Kasus penyandang disabilitas yang terlibat dalam kekerasan seksual membuka wawasan baru tentang manipulasi psikologis.
Penyandang disabilitas sering dianggap sebagai kelompok yang rentan, tidak berdaya, bahkan dianggap tidak mungkin melakukan kekerasan seksual.
Namun kasus yang melibatkan Agus, seorang penyandang disabilitas asal Mataram, Nusa Tenggara Barat, justru membuka tabir sebuah kenyataan yang selama ini sering diabaikan.
Agus, yang mengalami disabilitas fisik, diduga melakukan pelecehan seksual terhadap 15 korban, termasuk anak-anak di bawah umur.
Kejadian ini membuktikan bahwa kekerasan seksual bisa dilakukan oleh siapa saja, termasuk mereka yang secara fisik terbatas.
Kasus ini tidak hanya mengejutkan karena korban yang terlibat, tetapi juga karena tantangan besar yang diberikan oleh anggapan umum yang keliru.
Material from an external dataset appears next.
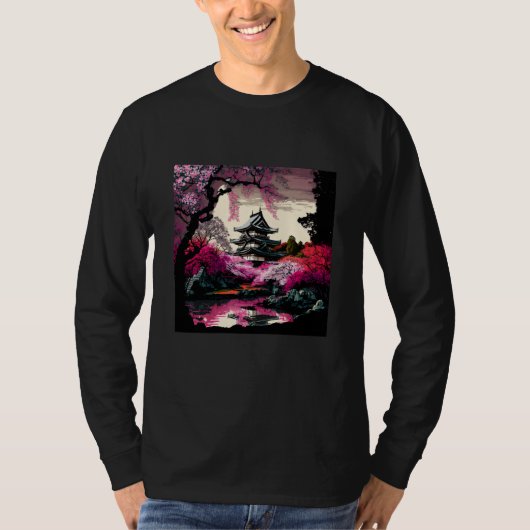 Japanese Castle in a forest of cherry blossoms pai Tシャツ (正面)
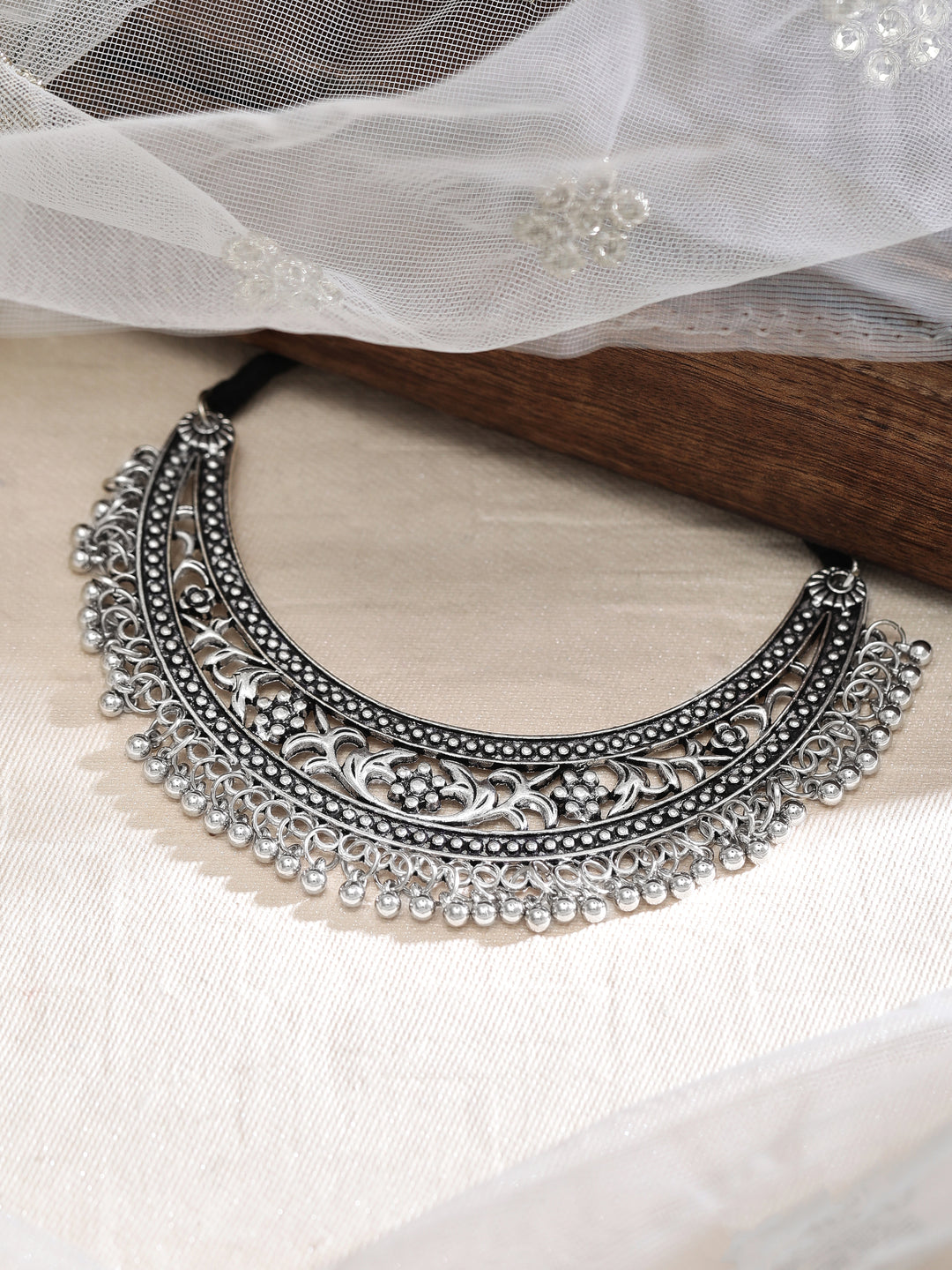 Rubans Oxidised Silver Plated Handcrafted Filligree Necklace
Bahwa penyandang disabilitas tidak mampu melakukan tindakan jahat.
Namun kenyataannya, Agus membuktikan bahwa kekerasan seksual bisa terjadi melalui cara-cara yang tidak selalu melibatkan kekerasan fisik, melainkan dengan manipulasi psikologis yang lebih halus namun sangat merusak.
Memahami Kekerasan Seksual di Luar Kekerasan Fisik
Kekerasan seksual memang sering diasosiasikan dengan tindakan fisik yang jelas dan tampak, seperti pemerkosaan atau pencabulan. Namun dalam banyak kasus, kekerasan seksual bisa jauh lebih subtil.
Menurut psikolog forensik, Reza Indragiri Amriel, kekerasan seksual tidak selalu melibatkan kekerasan fisik.